___ Exercise data

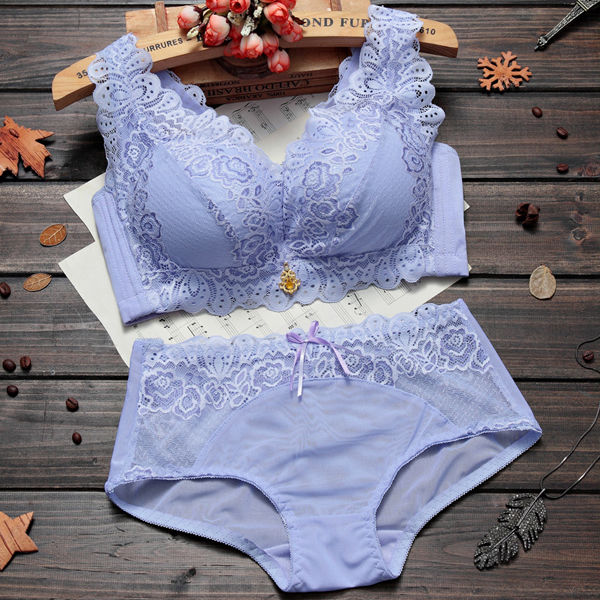 调整型聚龙文胸套装，增加胸部丰满，展现性感胸部线条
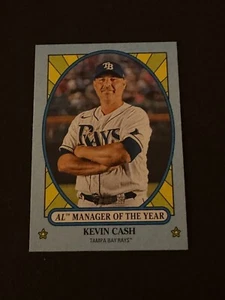 Tarjeta Topps Heritage Kevin Cash Manager 2021 #AW-6 - Imagen 1 de 2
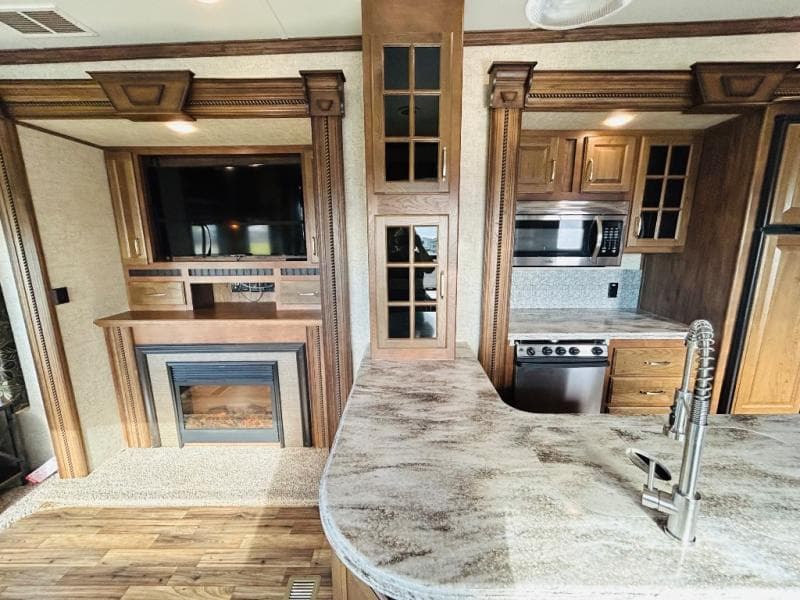 2015 Keystone 2015 Keystone Alpine - thumbnail 38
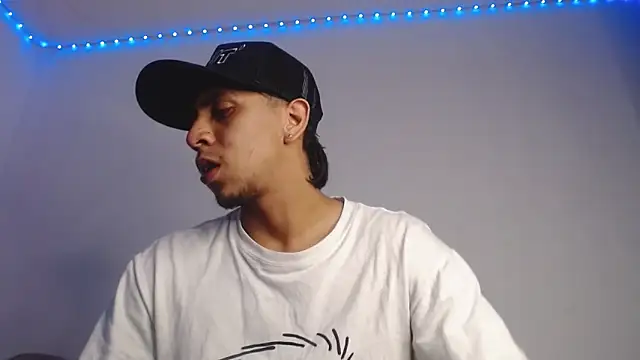 Monkey uchiha777 online show from 01-16-26, 12:36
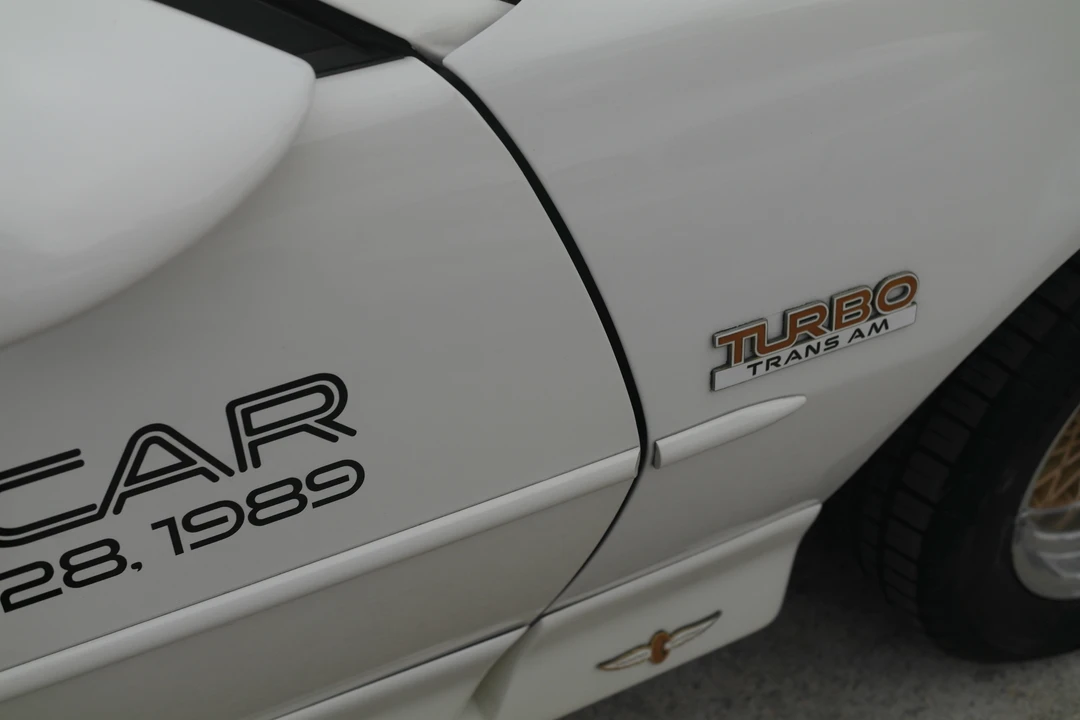 1989 Pontiac Firebird Trans Am 3rd Gen - Image 17 of 31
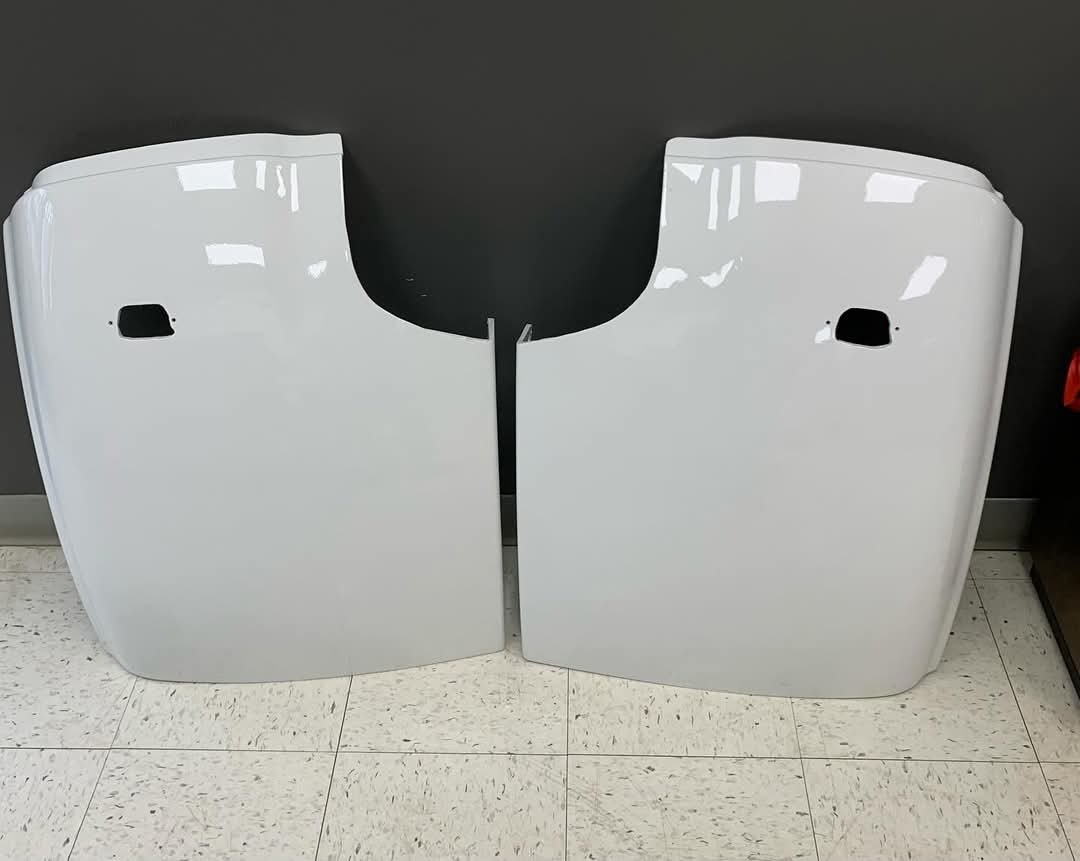 Quarter panels for Peterbuilt 366 2014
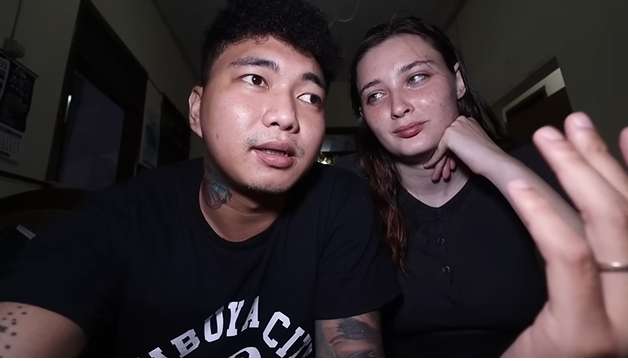 Bule Cantik Puasa Bareng Suami WNI, Pas Buka Langsung Merem Melek, Ternyata Gegara Makanan Ini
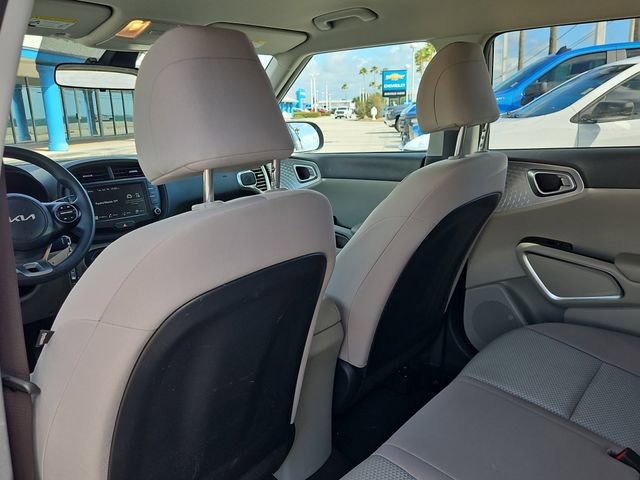 Used 2023 Kia Soul LX FWD image 10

______

**Work instruction:** The expected response is every entry above, repeated exactly, pictures removed.

**Task answer:**
 调整型聚龙文胸套装，增加胸部丰满，展现性感胸部线条
 Tarjeta Topps Heritage Kevin Cash Manager 2021 #AW-6 - Imagen 1 de 2
 2015 Keystone 2015 Keystone Alpine - thumbnail 38
 Monkey uchiha777 online show from 01-16-26, 12:36
 1989 Pontiac Firebird Trans Am 3rd Gen - Image 17 of 31
 Quarter panels for Peterbuilt 366 2014
 Bule Cantik Puasa Bareng Suami WNI, Pas Buka Langsung Merem Melek, Ternyata Gegara Makanan Ini
 Used 2023 Kia Soul LX FWD image 10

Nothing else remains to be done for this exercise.